Rust’s trait bounds do something similar, and the Rust community has been explicit that Ada generics were part of the prior art that informed the design. Haskell’s type classes are the more direct ancestor, but Ada showed that the approach was practical in an imperative systems language well before Rust made it mainstream.
What Gets in the Way
Ada’s tooling situation has improved, but it’s not where Rust or Go are. The free path is GNAT through GCC, with Alire as a package manager that was introduced relatively recently and is still maturing. The commercial path through AdaCore’s GNAT Pro gives you better IDE support and formal verification tools, but it’s priced for aerospace contractors, not individuals.
The syntax is verbose by contemporary standards. This was a deliberate choice by Ichbiah’s team, who argued that code is read more than it’s written, and that ambiguity in syntax costs more in maintenance than it saves in initial development. That argument is correct in safety-critical contexts. It’s a harder sell for web services.

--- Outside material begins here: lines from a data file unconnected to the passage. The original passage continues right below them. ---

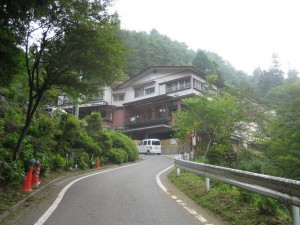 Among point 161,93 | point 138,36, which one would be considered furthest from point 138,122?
point 138,36

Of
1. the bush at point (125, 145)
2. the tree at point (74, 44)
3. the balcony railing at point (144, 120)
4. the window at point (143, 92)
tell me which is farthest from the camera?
the window at point (143, 92)

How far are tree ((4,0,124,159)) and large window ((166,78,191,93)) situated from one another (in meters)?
29.4

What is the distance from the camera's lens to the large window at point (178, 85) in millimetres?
40078

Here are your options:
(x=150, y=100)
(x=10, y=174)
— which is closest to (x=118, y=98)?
(x=150, y=100)

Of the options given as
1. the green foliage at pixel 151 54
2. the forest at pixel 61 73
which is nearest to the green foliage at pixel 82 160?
the forest at pixel 61 73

The community is real but small. The Ada and SPARK subreddit and the AdaCore forums are active, but the ecosystem of libraries and tutorials doesn’t approach what Rust has built in its first decade.
Why It Matters Now
The programming language landscape in 2026 is converging on ideas that Ada had in 1983. Memory safety is now a mainstream concern rather than a niche interest, driven partly by US government guidance recommending memory-safe languages. Formal verification is becoming practical at scale. Structured concurrency has been adopted by Swift, Kotlin, Python’s asyncio, and Java’s Project Loom. Contract-based programming is getting traction through Rust’s experimental #[requires]/#[ensures] attributes via the Verus project.
Ada solved these problems, documented the solutions, and shipped them in production systems that have been running continuously for decades. The lesson isn’t that everyone should switch to Ada. The lesson is that language design is a field with genuine intellectual history, and the ideas worth having tend to get reinvented repeatedly until they finally stick. Ada is evidence of both the difficulty of that process and the patience it sometimes requires.